On my first judging trip to South Africa, I was made aware of an old African proverb which struck a chord with me: not to know is bad; not to wish to know is worse.
And just to prove that you’re never too old to learn, I took the opportunity of returning to school last month by visiting the impressive, state-of-the-art HQ of Daniel Thwaites for a lesson on the Shire breed.
The legendary brewery was founded in 1807 and relocated from its Blackburn town centre base to Mellor Brook last autumn. It is now situated a couple of miles from my home.
Head horseman Richard Green — who had just returned from judging at the Royal Highland Show — summed up what he looks for in a Shire horse.
He said: “The bigger the better — power and strength with quality — and a good action both in front and also behind.’’
Whereas I like an animal with a leg at each corner, the heavy horse aficionados want to see the hocks closer together and even touching on the move. Continuing with my education, it was particularly interesting to analyse two slightly different horses, both majestic in stamp and, of course, black, which is a Thwaites trademark. Ribble was a more quality, flashy, modern type compared to Gunner, a traditional shire with more bone.
This consequently led me to the million-dollar question currently brewing in the heavy horse world given the popularity of their ridden classes, which now have Horse of the Year Show (HOYS) status. It also reminded me of a similar debate in mountain and moorland circles a few years ago when those saddle classes superseded all expectations in the show ring. The question is, do you think there is a danger of losing the breed standard to performance?
Richard told me: “I know some competitors want to see more marks for the ride phase. Providing the score ratio remains 50/50 and judges from the heavy horse panels — Clydesdale, Suffolk, Percheron and Shire — are involved in the judging process, I am confident that type will prevail.’’
Escaping the showing bubble
My tip to any showing equestrian — but especially young people who are making the transition into horse classes, those wishing to progress within the equestrian industry or who have ambitions to become a judge — is to escape the showing bubble from time to time by exploring other disciplines and thereby increasing your knowledge.

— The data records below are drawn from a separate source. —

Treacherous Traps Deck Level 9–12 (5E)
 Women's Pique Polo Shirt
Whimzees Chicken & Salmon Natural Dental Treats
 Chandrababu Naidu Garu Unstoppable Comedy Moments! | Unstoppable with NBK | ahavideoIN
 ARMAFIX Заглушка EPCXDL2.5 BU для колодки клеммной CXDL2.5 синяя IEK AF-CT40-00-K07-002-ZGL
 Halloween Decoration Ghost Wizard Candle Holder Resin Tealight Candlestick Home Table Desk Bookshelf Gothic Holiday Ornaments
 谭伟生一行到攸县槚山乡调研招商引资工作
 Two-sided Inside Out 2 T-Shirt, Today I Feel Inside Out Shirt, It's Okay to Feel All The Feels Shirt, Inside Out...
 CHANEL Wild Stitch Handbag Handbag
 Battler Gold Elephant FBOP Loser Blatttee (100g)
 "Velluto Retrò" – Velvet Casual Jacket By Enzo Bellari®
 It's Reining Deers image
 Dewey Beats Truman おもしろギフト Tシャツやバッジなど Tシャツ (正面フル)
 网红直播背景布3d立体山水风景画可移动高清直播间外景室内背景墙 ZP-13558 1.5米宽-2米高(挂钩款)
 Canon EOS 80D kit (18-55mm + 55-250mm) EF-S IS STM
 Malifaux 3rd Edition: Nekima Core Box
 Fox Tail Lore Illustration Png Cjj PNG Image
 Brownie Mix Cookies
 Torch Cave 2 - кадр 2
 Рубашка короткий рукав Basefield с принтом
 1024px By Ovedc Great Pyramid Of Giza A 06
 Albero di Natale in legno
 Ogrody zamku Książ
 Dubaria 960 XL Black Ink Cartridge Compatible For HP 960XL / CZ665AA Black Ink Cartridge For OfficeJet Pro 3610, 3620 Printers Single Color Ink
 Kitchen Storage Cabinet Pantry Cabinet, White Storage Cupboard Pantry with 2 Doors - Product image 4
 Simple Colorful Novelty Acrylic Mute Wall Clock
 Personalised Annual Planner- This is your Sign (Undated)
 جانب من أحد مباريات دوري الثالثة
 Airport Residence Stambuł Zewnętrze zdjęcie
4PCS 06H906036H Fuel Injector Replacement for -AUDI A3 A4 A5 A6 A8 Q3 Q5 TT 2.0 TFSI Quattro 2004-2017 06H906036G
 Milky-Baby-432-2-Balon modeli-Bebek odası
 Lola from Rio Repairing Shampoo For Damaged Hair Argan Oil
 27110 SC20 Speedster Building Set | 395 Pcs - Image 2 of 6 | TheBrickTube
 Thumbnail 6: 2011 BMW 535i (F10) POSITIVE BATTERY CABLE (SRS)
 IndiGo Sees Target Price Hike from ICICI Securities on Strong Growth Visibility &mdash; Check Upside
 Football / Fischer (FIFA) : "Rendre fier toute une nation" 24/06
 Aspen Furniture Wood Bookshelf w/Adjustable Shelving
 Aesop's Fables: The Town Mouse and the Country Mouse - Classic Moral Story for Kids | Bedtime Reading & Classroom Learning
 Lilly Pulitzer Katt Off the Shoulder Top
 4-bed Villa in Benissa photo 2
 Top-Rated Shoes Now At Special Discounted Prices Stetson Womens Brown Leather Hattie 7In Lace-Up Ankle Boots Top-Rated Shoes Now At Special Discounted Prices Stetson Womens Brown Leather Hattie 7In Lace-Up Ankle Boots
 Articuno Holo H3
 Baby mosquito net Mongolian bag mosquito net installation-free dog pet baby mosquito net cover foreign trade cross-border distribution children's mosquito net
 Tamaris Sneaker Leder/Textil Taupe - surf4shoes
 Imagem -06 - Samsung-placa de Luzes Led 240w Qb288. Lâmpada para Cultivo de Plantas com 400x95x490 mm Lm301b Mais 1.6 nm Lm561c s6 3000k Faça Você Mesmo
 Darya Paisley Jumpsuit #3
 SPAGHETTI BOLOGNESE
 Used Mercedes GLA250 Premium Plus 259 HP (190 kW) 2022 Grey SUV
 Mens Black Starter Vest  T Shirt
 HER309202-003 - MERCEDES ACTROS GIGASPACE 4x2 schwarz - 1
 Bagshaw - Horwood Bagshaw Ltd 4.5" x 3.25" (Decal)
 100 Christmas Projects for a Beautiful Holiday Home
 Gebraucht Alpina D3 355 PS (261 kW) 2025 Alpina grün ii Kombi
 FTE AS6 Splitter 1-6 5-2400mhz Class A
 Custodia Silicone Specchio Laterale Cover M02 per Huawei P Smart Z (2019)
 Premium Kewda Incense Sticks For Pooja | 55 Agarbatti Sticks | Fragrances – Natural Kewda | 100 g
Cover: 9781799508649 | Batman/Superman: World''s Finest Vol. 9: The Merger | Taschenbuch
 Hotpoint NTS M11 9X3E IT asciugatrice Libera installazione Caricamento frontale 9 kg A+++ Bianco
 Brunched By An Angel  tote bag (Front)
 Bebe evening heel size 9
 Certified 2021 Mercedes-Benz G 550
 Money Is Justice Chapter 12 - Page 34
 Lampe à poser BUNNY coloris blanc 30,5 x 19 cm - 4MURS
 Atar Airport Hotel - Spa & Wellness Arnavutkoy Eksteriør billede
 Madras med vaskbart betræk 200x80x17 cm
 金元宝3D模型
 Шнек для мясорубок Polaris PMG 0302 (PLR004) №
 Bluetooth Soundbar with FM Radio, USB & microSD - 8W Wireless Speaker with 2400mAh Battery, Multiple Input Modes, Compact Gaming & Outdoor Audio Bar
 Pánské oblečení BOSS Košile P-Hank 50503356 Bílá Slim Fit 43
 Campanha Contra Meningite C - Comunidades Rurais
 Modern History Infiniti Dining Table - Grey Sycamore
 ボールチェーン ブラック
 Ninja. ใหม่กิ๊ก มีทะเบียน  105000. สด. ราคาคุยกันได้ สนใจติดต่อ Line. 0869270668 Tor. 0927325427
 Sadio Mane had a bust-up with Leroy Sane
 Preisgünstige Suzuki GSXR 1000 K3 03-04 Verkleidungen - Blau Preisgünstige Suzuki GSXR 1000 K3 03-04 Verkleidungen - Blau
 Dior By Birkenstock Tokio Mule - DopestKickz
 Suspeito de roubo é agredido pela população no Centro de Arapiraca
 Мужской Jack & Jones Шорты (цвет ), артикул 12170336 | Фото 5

I always remember a piece of sound advice Joanna MacIness gave me when we were discussing the importance of correct conformation during my riding pony breeding probationary year. She said, as a prime example, I could do no better than look at jumping photographs to realise how much pressure is placed on limbs at take-off and landing.
Olympic medallist Laura Tomlinson hit the nail on the head in a recent H&H column entitled, “Dressage can learn from polo”. She advocated, “We must try not to be snobby and always keep our minds open to learning from other sports.”